February 19th, 2013 - 12:09 am
The Revolutions We Missed
Sometimes societies just plod along, oblivious that the world is being reinvented right under their noses. In 2000, one never saw pedestrians bumping into themselves as they glued their noses to iPhones. Thirteen years later, it is almost rare to see anyone on the street who is not stumbling about, networking or texting. Yet most of us are scarcely aware of the collective effect of that odd habit repeating itself millions of times over each day, of millions of books not read, of “hellos” not offered, of brains wired to screens rather than the physical world about them. When cars once drifted into your lane, you assumed a DUI; now their drivers are most likely texting.
Cars, of course, look about the same as they did thirty years ago. But we just assume now that they almost never break down. Up until 1980 I used to see them with hoods up by the side of the road almost every five miles or so. Today, entire notions such as points, plugs, tune-ups, and carburetors have simply quietly passed away for most motorists. The old jalopy with 100,000 miles on it was junk; the new Accord with 150,000 miles has another easy 250,000 to go. The world changes while we snore.
No wonder, then, most of us are still not quite aware of how vastly different the world of 2013 is from even 2008. Take interest: not long ago most Americans assumed that when they retired, their 5-7% interest rate on passbook savings would provide some sort of income. Not now. There is scarcely a 1% return. In fact, most accounts lose money. The interest is not even matching the rate of inflation. Will we soon be charged by the banks for “protecting” our deposits?
At some unspoken moment, we shrugged and silently accepted Ben Bernanke’s world, along with the thousands of ways that his Federal Reserve Board has radically changed our lives. Those at retirement age are not stepping down, not when they have a bad/worse choice of receiving no interest income or putting their life savings in the stock or bond market. Our fathers may have retired at 58; we will be lucky to quit at 70. Is there even such a thing as retirement anymore?
No wonder that unemployed young people are endlessly circling the airport with nowhere to land, given all of us old planes perpetually taxing around on the crowded runways below. To understand the effect of no, or very low, interest, think of the billions of dollars in cash that are silently transferred from those who have saved to those who have no cash. The former receive little or no interest from the banks. The latter take out mortgages or car loans at historically low interest rates.
Did the president ever mention this revolution, among his boilerplate of “millionaires and billionaires,” “pay your fair share,” and “fat cats”?

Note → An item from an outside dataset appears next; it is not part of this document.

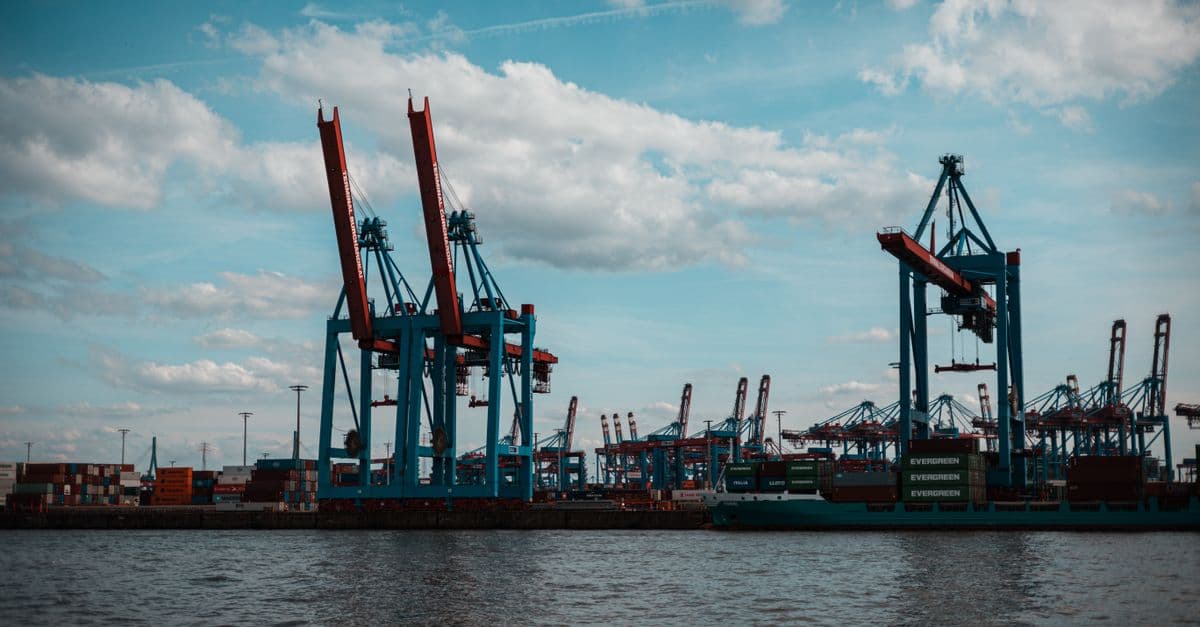 Specialized Cargo Solutions Designer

Does it really make all that much difference whether you are a doctor at 70 who religiously put away $1,000 a month for thirty years, compounded at the old interest, and planned to retire on the interest income, or a cashless state employee with a defined benefit pension plan? The one might have over $1 million in his savings account, but the other a bigger and less risky monthly payout. Suddenly the old adult advice to our children — “Save and put your money in the bank to receive interest” — is what? “Spend it now or borrow as much as you can at cheap interest”?
Them and Us
I think it was around 2009 when an entire new vocabulary entered the American popular lexicon. Where did the 1% versus the 99% come from? From where did the new financial Mason-Dixon line arise — good below $250,000 in annual family income, very bad above it? When did the 47% — or is it the 50%? — pay no federal income taxes?
At some magical point, the rich became not the successful, the skilled, the well-inherited, the lucky, or the hardworking, but “them”: the suspect, the damned even, even as the lifestyles of the rich and famous became ever more sought after.
There are not just the rich and poor any more, but now the “good rich” (e.g., athletes, rappers, Hollywood stars, Silicon Valley grandees, Democratic senators, liberal philanthropists, etc.) and the “bad rich” (e.g., oil companies, CEOs, doctors, the Koch brothers, etc.). The correct-thinking nomenklatura and the dutiful apparat versus the kulaks and enemies of the people.
The president in his State of the Union damns the “billionaires with high-powered accountants,” as a friendly Facebook pays no state or federal taxes, as a George Soros walks away with $1.2 in speculation profits (in three months, no less!) by betting against the Japanese yen, and as a Jesse Jackson, Jr. gets caught stealing from a campaign fund to buy a $43,000 Rolex (was not a $1,000 one enough?). I thought Soros at his age knew when he had made enough money?
We shrug at all this. A president who thunders to the nation that we must be on guard against the “well-off and well-connected” heads south to Palm Beach to meet his $1,000-an-hour golf pro, while Michelle and the family go west to hit the slopes at “downright mean” Aspen, where no one accepts that they’ve reached a point where they’ve made enough money, or that there was any time when it was not good to profit.